I believe the follow sorting criteria would be best:
const next = clients
.sort((a, b) => {
// connected
if (a.connected !== b.connected) return a.connected ? -1 : 1
// queue size
if (a.size !== b.size) return a.size - b.size
// drained timestamp
if (a.drained !== b.drained) return b.drained - a.drained
return 0
})
The more I think about this the more complex of a question this becomes. I'm a little unsure whether we should even have this in this library and if we do where to put the ambition level.
It becomes a trade off between:
- number of connections
- latency
- retries due to closed connections
- timeouts
Depth First (current algorithm)
Tries to avoid creating new connections and instead fills existing connections to maximum pipelining factor before creating new ones.
Pros:
- Minimizes number of connections.
Cons:
- Minimal concurrency. Head of line blocking. Small/fast requests get delayed by big/slow requests ahead in the queue.
Breadth first
Pros:
- Minimizes ~~latency~~ head of line blocking.
Cons:
- Maximizes number of connections.
Then there are lots of in between that can take different heuristics into account:
- number of existing connections
- request body size
- etc...
One hybrid would be to do breadth first with existing connections (i.e. don't start new ones) and then switch over to depth first.
Other things to keep in mind could be to have different pools for different types of requests:
- Small vs Big body
- idempotent vs nonidempotent
- etc...
Then we also have things such as which connection should we pick from the active pool:
- Most/Least recent activity (lifo, fifo in Node agents)
- etc...
Alas, I'm a little unsure where to put the ambition in terms of this library. Where should we hand over the responsibility to higher level modules/abstractions.
One way could be that we implements depth first and breadth first and then let the user either implement more advanced logic in an abstraction layer above pools or we have some kind of pluggable API.
@szmarczak
It’s even more complex than this, and I think your description contains something inaccurate.

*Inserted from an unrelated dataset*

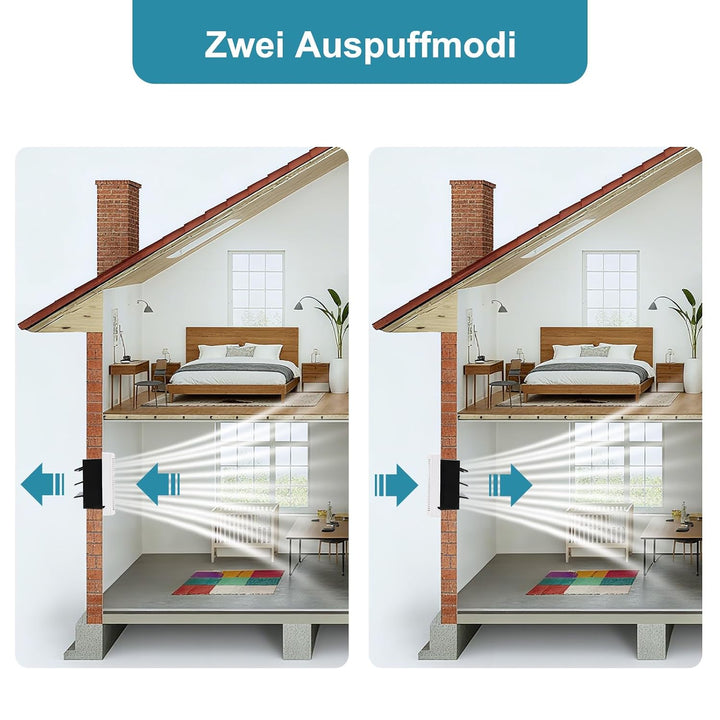Shutter Ventilation Fan, leiser Lüftungsventilator mit 2,5 m Netzkabel, ideal für Zuhause Badezimmer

Depth first minimizes timeouts and maximizes the tcp windows... which in turn minimize latency. However they pay the price of head-of-line blocking in case of a slow request.

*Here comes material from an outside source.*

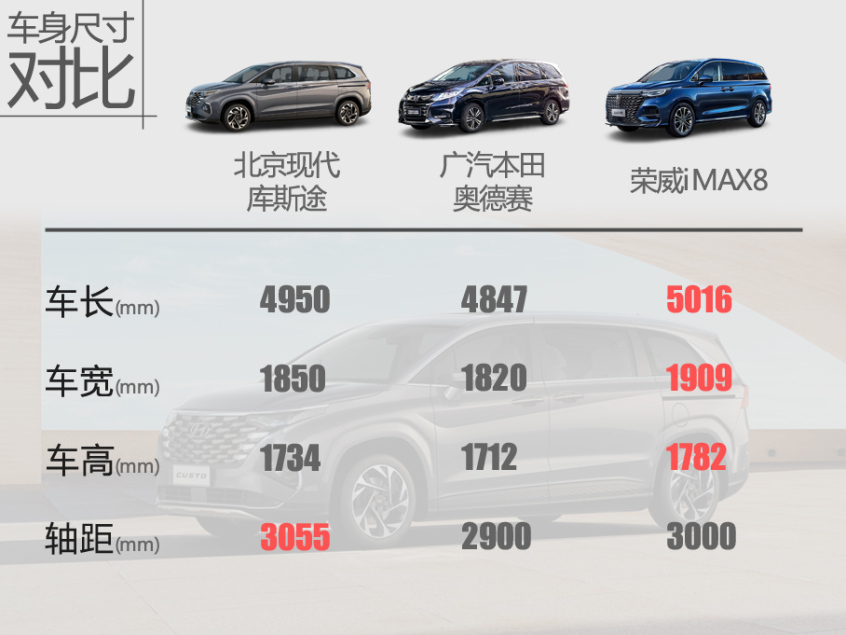 庫斯途實拍解析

Breadth first avoids the problem of head-of-line blocking at the price of higher chance of timeouts and smaller tcp windows.
Unless there is a single request that takes forever, depth first minimize latency..
and I think your description contains something inaccurate.
Updated per your comments.
Depth first minimizes timeouts and maximizes the tcp windows... which in turn minimize latency. However they pay the price of head-of-line blocking in case of a slow request.
Good point.
Breadth first avoids the problem of head-of-line blocking at the price of higher chance of timeouts and smaller tcp windows.
Good point.
Unless there is a single request that takes forever, depth first minimize latency..
Depends on the relative latency of the different requests. If you have a request head of line that takes 10s (for various reasons) in front of a 1s requests... the 1s request will take longer. It's not just about the payload, it also about processing time on the server side, e.g. one request may indirectly call to a database while the other is just in memory on the server side. Plus lots of other factors.
Plus lots of other factors.
I agree with @mcollina. I wouldn't worry about those too much. If the following requests are delayed by a huge download (or upload - a user specified timeout), then let the download continue, meanwhile open a new connection for these particular requests and for when the huge download finishes, destroy the connection because there's a new one.